We first ask whether prosecutorial misstatements of the evidence normally amount to "constitutional error." Case law interpreting Federal Rule of Criminal Procedure 52 5 is instructive in this instance. Our review of federal case law reveals that appellate courts have consistently held that improper prosecutorial comments and misstatements are not constitutional in nature but can affect a defendant's substantial rights. See, e.g., United States v. Apodaca, 666 F.2d 89, 97 (5th Cir.), cert. denied, 459 U.S. 823, 103 S.Ct. 53, 74 L.Ed.2d 58 (1982); United States v. Martinez, 616 F.2d 185, 187 (5th Cir.1980), cert. denied, 450 U.S. 994, 101 S.Ct. 1694, 68 L.Ed.2d 193 (1981); United States v. Steinkoenig, 487 F.2d 225, 229 (5th Cir.1973); Vaccaro v. United States, 461 F.2d 626, 634-36 (5th Cir.1972).
Having found no constitutional error, Rule 44.2(a) is inapplicable. Therefore, we are to disregard the error unless a substantial right is affected. Rule 44.2(b). "A substantial right is affected when the error had a substantial and injurious effect or influence in determining the jury's verdict." King v. State, 953 S.W.2d 266, 271 (Tex.Crim.App.1997).
We conclude that the trial court's error did not affect appellant's substantial rights. First, appellant pled guilty, took the stand, and admitted his crimes. Second, the State presented ample evidence and straightforward testimony from his victims and appellant himself that he: (1) repeatedly fondled, sodomized, and performed oral sex with his pre-teen stepdaughter for a period of approximately three to four years; (2) repeatedly fondled his five-year-old son; and (3) fondled his neighbor's five-year-old daughter. This evidence more than overshadows the error the trial court made in allowing the prosecutor to incorrectly summarize the evidence presented about C.C.'s emotional state after suffering appellant's abuse. Whether C.C. hid under a desk at school is trivial and not particularly germane in light of the overwhelming evidence of appellant's guilt. We must disregard the error pursuant to Rule 44.2(b) and overrule appellant's first point of error.

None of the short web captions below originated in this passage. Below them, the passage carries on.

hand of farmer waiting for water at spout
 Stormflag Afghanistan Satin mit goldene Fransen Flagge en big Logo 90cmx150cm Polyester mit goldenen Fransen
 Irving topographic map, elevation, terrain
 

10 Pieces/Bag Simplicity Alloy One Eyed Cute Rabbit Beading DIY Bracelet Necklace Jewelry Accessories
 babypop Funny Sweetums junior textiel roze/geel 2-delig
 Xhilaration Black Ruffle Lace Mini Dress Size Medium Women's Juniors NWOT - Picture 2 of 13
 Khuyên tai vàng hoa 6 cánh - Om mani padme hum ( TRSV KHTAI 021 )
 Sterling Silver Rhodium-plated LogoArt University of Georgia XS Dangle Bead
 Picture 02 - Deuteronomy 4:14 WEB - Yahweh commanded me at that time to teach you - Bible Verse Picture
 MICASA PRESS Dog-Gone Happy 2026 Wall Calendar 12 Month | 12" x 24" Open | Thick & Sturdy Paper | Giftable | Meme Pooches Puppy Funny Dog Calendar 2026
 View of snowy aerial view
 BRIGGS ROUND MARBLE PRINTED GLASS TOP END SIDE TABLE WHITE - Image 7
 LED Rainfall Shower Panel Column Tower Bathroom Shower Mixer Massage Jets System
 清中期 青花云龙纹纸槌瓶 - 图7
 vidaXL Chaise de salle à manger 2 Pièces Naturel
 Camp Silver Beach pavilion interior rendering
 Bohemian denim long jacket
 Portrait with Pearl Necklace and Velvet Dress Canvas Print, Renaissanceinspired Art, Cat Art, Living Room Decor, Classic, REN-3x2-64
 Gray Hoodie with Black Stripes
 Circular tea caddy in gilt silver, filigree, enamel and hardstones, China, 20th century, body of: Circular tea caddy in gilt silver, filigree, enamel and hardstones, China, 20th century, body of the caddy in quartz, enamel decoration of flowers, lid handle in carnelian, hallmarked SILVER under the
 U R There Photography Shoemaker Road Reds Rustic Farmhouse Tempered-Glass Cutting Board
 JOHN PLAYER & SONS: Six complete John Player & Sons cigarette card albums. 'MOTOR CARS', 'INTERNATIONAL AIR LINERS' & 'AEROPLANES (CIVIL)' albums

Appellant next argues that the trial court erred in finding that the prosecution's use of peremptory strikes against two of the four African-American jurors on the panel did not present a prima facie case for Batson error. The State claims that appellant: (1) waived his complaint by pleading guilty; (2) failed to preserve his complaint because he did not obtain an adverse ruling; and (3) failed to present a prima facie showing of Batson error.